The recently held annual general meeting of the Pakistan Sugar Mills Association (PSMA) in Lahore ended with the warning that new crushing would not be started until surplus stocks were either consumed or purchased by the government.

The PSMA has said that its members were holding more than 700,000 tons of sugar countrywide. The government on the other hand seems unconvinced and has refused to purchase more than 100,000 tons of sugar.

It has said that the millers were now united and were using blackmailing tactics. The federal minister for food, agriculture and livestock, in a recent press statement, has stated that the PSMA was presenting false figures of surplus stocks.

This is not happening for the first time as every year at the start of the crushing season millers deliberately delay crushing on one pretext or the other. This is done to force growers to sell their crop for less than the fixed price. Same is the situation this year, too.

If crushing is delayed, growers would have no other option but to sell the standing cane crop to exploitative middlemen for much less than the fixed price. It is not only the low price which is a challenge growers are facing for their produce.

With the wheat sowing season starting in the country, growers are unable to prepare their fields well in time for this equally important crop that is also a primary food staple. The powerful millers have been victimizing farmers through long delays in payments.

The delay in crushing is also a potential threat for self-sufficiency in wheat. If wheat is not sown in time over large cultivatable areas presently occupied by the cane crop, the fear is that the country may not be able to produce enough wheat required for yearly consumption.

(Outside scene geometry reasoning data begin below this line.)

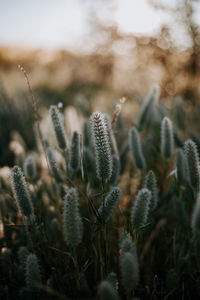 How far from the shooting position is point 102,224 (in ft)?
3.72

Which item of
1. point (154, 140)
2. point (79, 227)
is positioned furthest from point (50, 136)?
point (79, 227)

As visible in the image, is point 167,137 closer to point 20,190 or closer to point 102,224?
point 102,224

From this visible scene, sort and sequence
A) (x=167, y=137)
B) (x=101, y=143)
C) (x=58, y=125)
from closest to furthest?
(x=101, y=143) → (x=58, y=125) → (x=167, y=137)

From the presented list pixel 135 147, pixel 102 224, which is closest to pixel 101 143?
pixel 102 224

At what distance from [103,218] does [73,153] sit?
1.59 feet

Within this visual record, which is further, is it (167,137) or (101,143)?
(167,137)

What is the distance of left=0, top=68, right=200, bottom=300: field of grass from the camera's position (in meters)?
1.06

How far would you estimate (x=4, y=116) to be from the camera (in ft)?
13.9

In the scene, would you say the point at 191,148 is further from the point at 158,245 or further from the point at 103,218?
the point at 158,245

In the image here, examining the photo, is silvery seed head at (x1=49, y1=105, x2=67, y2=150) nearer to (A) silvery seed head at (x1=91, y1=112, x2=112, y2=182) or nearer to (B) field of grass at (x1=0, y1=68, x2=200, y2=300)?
(B) field of grass at (x1=0, y1=68, x2=200, y2=300)

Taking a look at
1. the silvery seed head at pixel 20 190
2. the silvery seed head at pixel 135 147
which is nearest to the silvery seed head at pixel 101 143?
the silvery seed head at pixel 20 190

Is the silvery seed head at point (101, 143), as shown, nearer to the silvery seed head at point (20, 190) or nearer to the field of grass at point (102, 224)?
the field of grass at point (102, 224)

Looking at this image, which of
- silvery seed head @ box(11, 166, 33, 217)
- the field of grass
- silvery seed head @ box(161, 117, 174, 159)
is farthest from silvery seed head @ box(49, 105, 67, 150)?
silvery seed head @ box(161, 117, 174, 159)

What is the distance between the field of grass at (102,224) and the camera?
3.48 feet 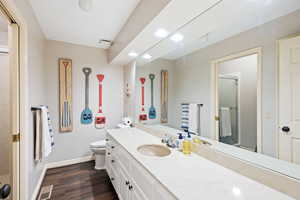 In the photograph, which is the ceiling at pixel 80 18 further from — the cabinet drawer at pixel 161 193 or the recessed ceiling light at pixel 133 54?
the cabinet drawer at pixel 161 193

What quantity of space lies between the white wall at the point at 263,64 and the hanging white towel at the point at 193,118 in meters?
A: 0.08

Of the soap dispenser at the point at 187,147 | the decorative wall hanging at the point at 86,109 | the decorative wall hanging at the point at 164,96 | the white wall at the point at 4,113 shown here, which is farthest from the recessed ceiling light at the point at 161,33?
the white wall at the point at 4,113

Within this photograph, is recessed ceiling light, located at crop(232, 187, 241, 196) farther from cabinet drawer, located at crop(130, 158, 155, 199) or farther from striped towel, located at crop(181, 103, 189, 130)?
striped towel, located at crop(181, 103, 189, 130)

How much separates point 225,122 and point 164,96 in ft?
2.92

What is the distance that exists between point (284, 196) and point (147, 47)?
2001 mm

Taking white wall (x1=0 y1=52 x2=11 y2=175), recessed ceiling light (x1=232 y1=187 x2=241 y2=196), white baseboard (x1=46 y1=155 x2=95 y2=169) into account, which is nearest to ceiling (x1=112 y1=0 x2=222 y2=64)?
recessed ceiling light (x1=232 y1=187 x2=241 y2=196)

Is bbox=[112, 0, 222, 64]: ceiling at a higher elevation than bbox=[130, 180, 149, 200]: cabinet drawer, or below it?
higher

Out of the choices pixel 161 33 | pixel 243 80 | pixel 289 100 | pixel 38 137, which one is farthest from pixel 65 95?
pixel 289 100

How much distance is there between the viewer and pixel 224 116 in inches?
47.7

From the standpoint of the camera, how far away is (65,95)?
271cm

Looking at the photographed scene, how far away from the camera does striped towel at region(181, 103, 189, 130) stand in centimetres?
159

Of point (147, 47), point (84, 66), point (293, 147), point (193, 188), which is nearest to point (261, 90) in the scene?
point (293, 147)

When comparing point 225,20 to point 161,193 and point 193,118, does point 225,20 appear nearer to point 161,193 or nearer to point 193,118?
point 193,118

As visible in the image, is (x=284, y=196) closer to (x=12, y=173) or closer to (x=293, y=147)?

While steps for the protection of sugar industry are necessary, the interests of cane farmers must also be kept in mind. One fails to understand what is stopping the government from devising a comprehensive strategy to end this fiasco, once for all.

This situation that emerges every year at the start of the rushing season is threatening the livelihood of minions of poor country men. A long term and balanced approach is urgently needed to develop sugar industry for the advantage of all the stakeholders i.e., industrialists growers and consumers.